AIM OF THE TASK
Repeat the listing word for word, but skip any pictures.

DATA EXCERPT
[Start of Attachment]

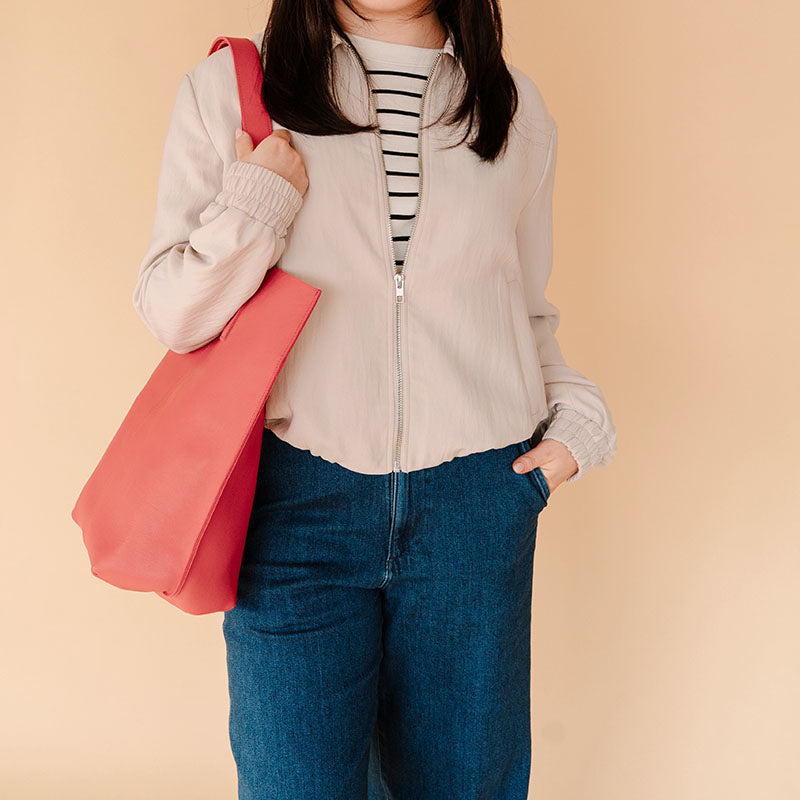 Swing It - Coral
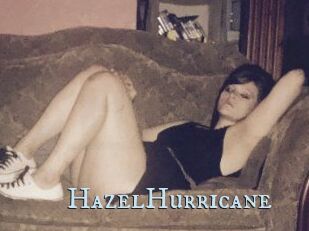 HazelHurricane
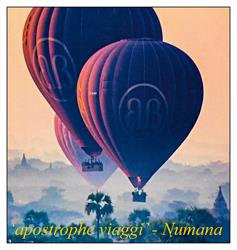 Apostrophe Viaggi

[End of Attachment]

EXERCISE RESULT
 Swing It - Coral
 HazelHurricane
 Apostrophe Viaggi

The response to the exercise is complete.